If damages were based strictly on the amount of rebates paid, damages could potentially reach $219 million. That’s the rebate amount of $73 million multiplied by three, the maximum allowed for punitive judgments, Markovits said. Damages could also be based on the amount of profit Duke Energy generated because it allegedly used rebates to secure a bigger rate hike. Or, the utility could be forced to pay all customers the same rebate on a percentage basis as its 24 “favored customers.” Both of those scenarios could yield compensatory damage awards of up more than $300 million. Punitive damages could inflate those awards to about $1 billion.

“I wouldn’t put it out of the realm of possibility at all,” Markovits said. “The more discovery we do the happier we are with our case.”

Who got rebates?

Duke has said its Ohio customers were not harmed by the rebates granted to 24 large customers, including 12 local hospitals, Procter & Gamble Co., Ford Motor Corp., AK Steel Corp. and G.E. Aviation. A complete list of those receiving rebates was attached to a recent court filing. It showed AK Steel got the most money. Its $23.8 million in total rebates represented an 8.1 percent off its total electric bill from 2005 to 2008. Marathon Ashland Petroleum LLC received the largest percentage discount. Its $3.9 million in rebates reduced the company’s total bill by 44.5 percent.

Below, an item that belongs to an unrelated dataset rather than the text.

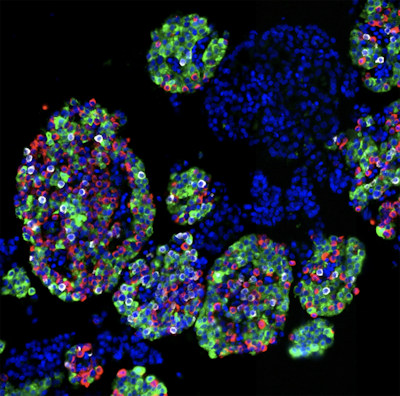 NIH 20260512 pancreatic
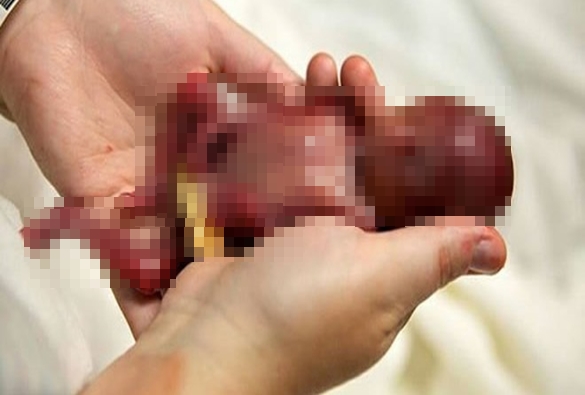 Projeto de lei pretende mostrar imagens de fetos a vítimas de estupro que planejam aborto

See the list of companies, attached in the court filing 

 

 

Duke has argued industrial customers fall into different tariff classes than residential customers. So, a rebate granted to big energy buyers doesn’t impact residential customers or small business customers.

“Throughout this litigation, plaintiffs have struggled to explain how any putative class member suffered injury due to the fact that a rebate was paid to someone else,” said one recent Duke filing. “The payments plaintiffs describe as ‘illegal rebates’ paid to ‘favored customers’ were, in fact, lawfully-negotiated option agreements.”

Plaintiff attorneys counter that argument with the 2012 appellate court ruling that revived the case.

“The Sixth Circuit put to rest any notion that a utility could lawfully pay selective rebates,” the attorneys argued in June. “’The selective payment of rebates,’ the Sixth Circuit said, ‘constitutes a felony under Ohio law.’”

In February, 2008, Duke Energy Ohio CEO Sandra Meyer told the Cincinnati Enquirer’s editorial board that the payments were not intended to influence the company’s request for a rate hike in 2004.

But an internal company memo makes it clear that the payments were designed to remove a “roadblock” to “rapid approval” of a “rate stabilization plan” submitted to PUCO by Duke Energy’s predecessor, Cincinnati Gas & Electric. Jim Ziolkowski, director of rates and regulatory strategy at Duke Energy, explained the history of the payments to three other Duke Energy executives in a May, 2006 email.

“A number of large customers, some represented by industry groups, intervened in the filing,” Ziolkowski wrote. “CG&E’s and the PUCO’s goal was to obtain rapid approval of the RSP such that the new rates could go into effect on 1/1/2005. The interveners represented a roadblock, however. To eliminate this roadblock and prevent a formal hearing, CG&E negotiated special conditions with the interveners and ultimately reached agreements with them.”

Read the email, attached in court filing

 

 

Discovery producing new revelations

 

The email is one of several new revelations uncovered by attorneys in the case.

Another is that Duke Energy may have paid two trade associations that helped the utility arrange rebate deals with its largest customers.

Still another is that rebates for some companies may have continued beyond 2008.

“Cinergy and Duke have consistently attempted to mislead their rate payers, the public, and the courts,” said one recent filing in which plaintiff lawyers argued in favor of class action certification. “Duke has given every indication that it will continue trying to recast the option payments as something other than rebates, even though that’s exactly what they are called in internal documents among Duke’s own records.”